La fede, infatti, è incontro con Dio che parla e opera nella storia e che converte la nostra vita quotidiana, trasformando in noi mentalità, giudizi di valore, scelte e azioni concrete. Non è illusione, fuga dalla realtà, comodo rifugio, sentimentalismo, ma è coinvolgimento di tutta la vita ed è annuncio del Vangelo, buona notizia capace di liberare tutto l’uomo.
Un cristiano, una comunità che siano operosi e fedeli al progetto di Dio che ci ha amati per primo, costituiscono una via privilegiata per quanti sono nell’indifferenza o nel dubbio circa la Sua esistenza e la Sua azione”.
L’ateismo pratico
“Oggi – ha detto il Papa – non mancano le difficoltà e le prove per la fede, spesso poco compresa, contestata, rifiutata… Nel passato, in Occidente, in una società ritenuta cristiana… il riferimento e l’adesione a Dio erano, per la maggioranza della gente, parte della vita quotidiana.

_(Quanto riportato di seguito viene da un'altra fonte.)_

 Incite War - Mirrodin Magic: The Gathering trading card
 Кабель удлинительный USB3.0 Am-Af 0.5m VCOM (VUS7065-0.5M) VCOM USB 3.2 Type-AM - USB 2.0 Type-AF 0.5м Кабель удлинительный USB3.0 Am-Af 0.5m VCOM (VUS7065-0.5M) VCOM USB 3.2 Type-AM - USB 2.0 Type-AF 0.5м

Piuttosto era colui che non credeva a dover giustificare la propria incredulità. Nel nostro mondo, la situazione è cambiata e sempre di più il credente deve essere capace di dare ragione della sua fede”. Oggi in particolare “c’è una forma di ateismo che definiamo ‘pratico’, nel quale non si negano le verità della fede o i riti religiosi, ma semplicemente si ritengono irrilevanti… Alla fine, però, questo modo di vivere risulta ancora più distruttivo, perché porta all’indifferenza verso la fede e verso la questione di Dio”.